Thursday, August 24, 2023

Retail Real Estate Is Thriving, But How?

Picture it, the year is 2023. Any and every item that can be bought sold can be accesses via the Internet from the comfort of one’s own home. For over seven years, the number of stores in existence has steadily declined. The economy is experiencing the perfect storm of rampant inflation and recessionary forces. Despite all of this, retail real estate vacancy nationwide is 5.4% and retail is thriving. Let’s take a look at why.

Savings Lead the Way

To understand movements in retail real estate, you must understand what’s happening in the world of retail. The Colliers Spring 2023 Retail Report does a great job of putting the retail market in context. To put it plainly, US consumers across the nation are unable to avoid the conspicuous elephant in the room—inflation. Faced with a decrease in the purchasing power of the dollar, consumers are searching for value and moving away from more expensive brands. These consumer choices are leading discount stores like Dollar Tree, Dollar General and Five Below to make serious investments in expanding their “brick and mortar” presence. These businesses are booming right now and depend on consumers who seek to save money on the margins. Such savings include visits to physical locations to avoid the shipping and processing fees associated with website purchases. In short, they are trading convenience for savings. The growth of these discount stores is outlined in the Talk, Business and Politics article on the expansion of brick and mortar real estate that can be found here and their expansion is easy to see in most metropolitan neighborhoods.

Adaptability Is Key

In addition to discount stores thriving, retail businesses in general have learned to become more adaptable. As the TBP article confirms, brick and mortar stores have now become the new business hubs for retailers that have a strong following online. Stores serve as locations for pick-ups, returns and exchanges. Many retailers, such as Walmart, Target and Nike currently follow this model. Gone are the days of the mega malls, which seem to have been replaced with their digital equivalents, but the need for physical customer service is still a very real one. In fact, store openings in 2022 outpaced store closings for the first time in six years, as outlined by Retail Dive here. Retailers who have been able to understand the changing needs of the consumer and the ever-evolving definition of the retail experience have thrived and those who have struggled to do so have failed, as evidenced by the recent floundering of Foot Locker, American Eagle Outfitters and the Gap.

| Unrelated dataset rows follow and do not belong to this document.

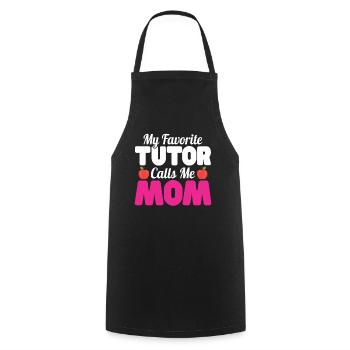 Tutor Gift Tutor - Cooking Apron - black - Front - AI Model Male 185 dark (185cm)
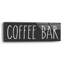 «Coffee Bar» par Lettered & Lined - Art textuel panoramique sans cadre-2001719794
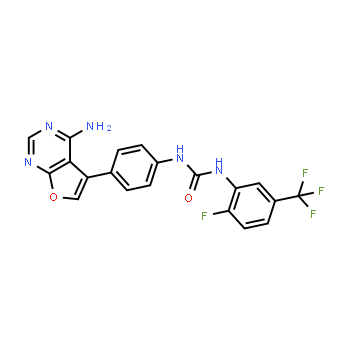 501693-48-7 | 3-(4-{4-aminofuro[2,3-d]pyrimidin-5-yl}phenyl)-1-[2-fluoro-5-(trifluoromethyl)phenyl]urea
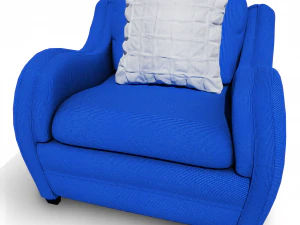 hipo one seater sofa 3D Model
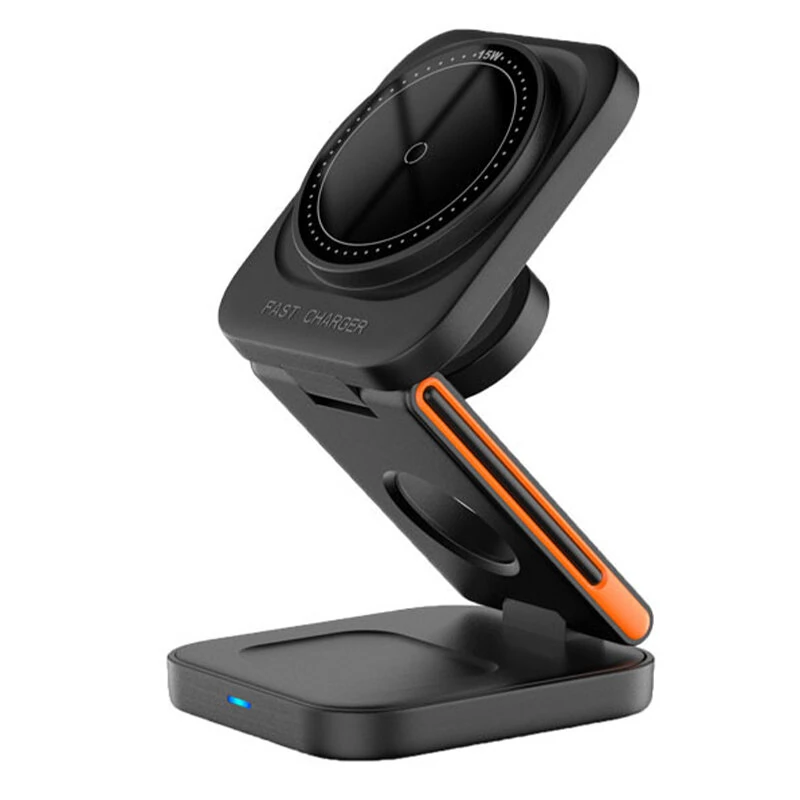 Bakeey 3-in-1 30W Foldable Wireless Charger Fast Magnetic Wireless Charging Stand for Smart Phones for iPhone 15 14 13 for Airpods for Apple Watch — view 2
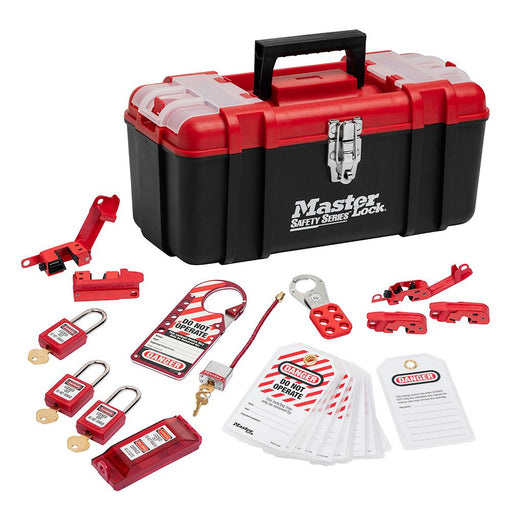 Master Lock 1457E410 Personal Safety Lockout Pouch, Electrical Focus with Zenex™ Thermoplastic Padlocks-Keyed-Master Lock-1457E410KA-HodgeProducts.com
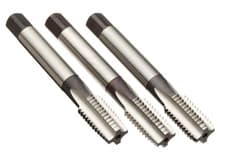 Image of 1/4 x 20 UNC HAND TAP SET LEAD SECOND BOTTOMING HSS SET OF 3 G0910250 11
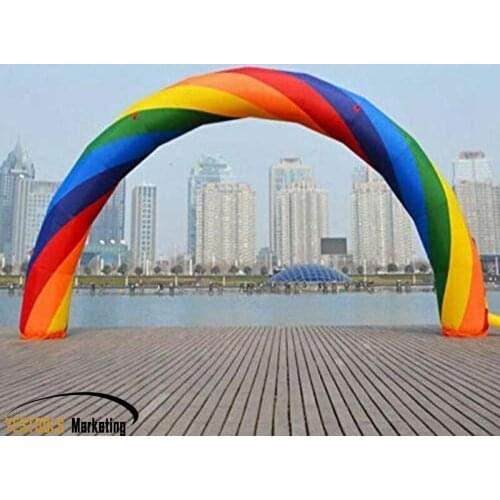 Inflatable Arch Archway 20ft Inflatable Rainbow Arch Advertising Indoor Outdoor Garden Yard Party Prop Decoration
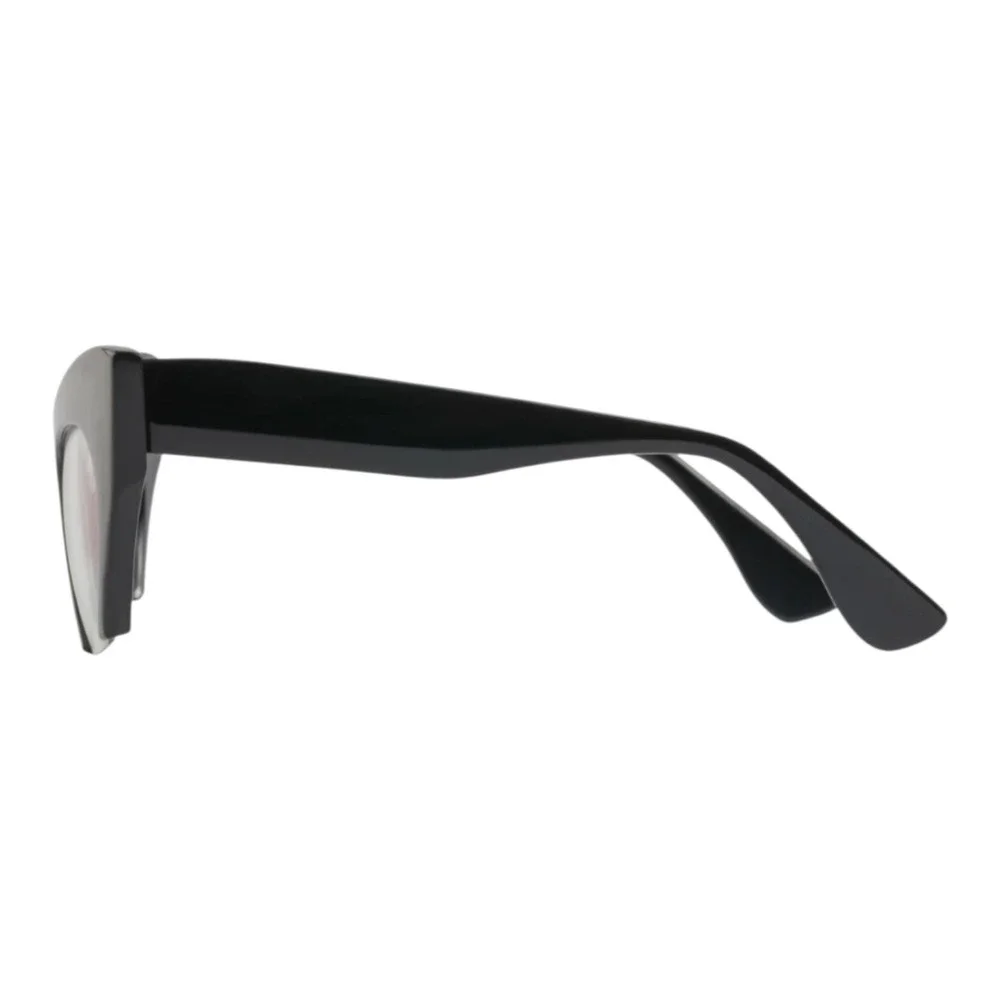 Cat Eye Eyeglasses Womens OS‎ Black New Oversized Winged Blue Light KS1586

Understanding the new face of the retail experience has also led to more individualized tailoring of the shopping experience by each brand. Rather than being lumped into a central commercial hub with various other stores and brands, competing for consumer’s physical attention, retail locations serve to be a confirmation of the brand’s online presence. Each physical location has the opportunity to enhance the connection of a consumer to the brand and many retailers have opted to tailor each individual location to the needs of their local consumers, as outlined in this Retail Dive article.

Supply and Demand Still Reign Supreme

To understand the thriving state of retail real estate is to understand the integral nature of retail properties and leases to the retail market. This is evolving state of retail, however, is affected by one other factor—construction. As outlined in Cushman & Wakefield’s Q2 2023 US National Marketbeat for Retail, raising interest rates have increased the cost of construction financing and building costs continue to remain high. These conditions have resulted in a continued slowdown of new retail construction. The lack of new supply, coupled with pent-up demand has led to low vacancies across the country. Given the current financial climate, it is important to recognize that though we are not seeing a frenzy in leasing and purchasing activities on the retail side, the continued functionality of retail real estate is a win in the present economy.

So, although retail today has a different look and feel from what it once was three to five years ago, it is thriving, and retail real estate is a great place to be. Retail properties are one of the few real estate property classes that offer direct participation in tenant revenues and they offer some of the most flexible and innovative transaction structuring that exists. In many ways, retail properties pay for themselves and are well worth the time and investment, especially in the current market.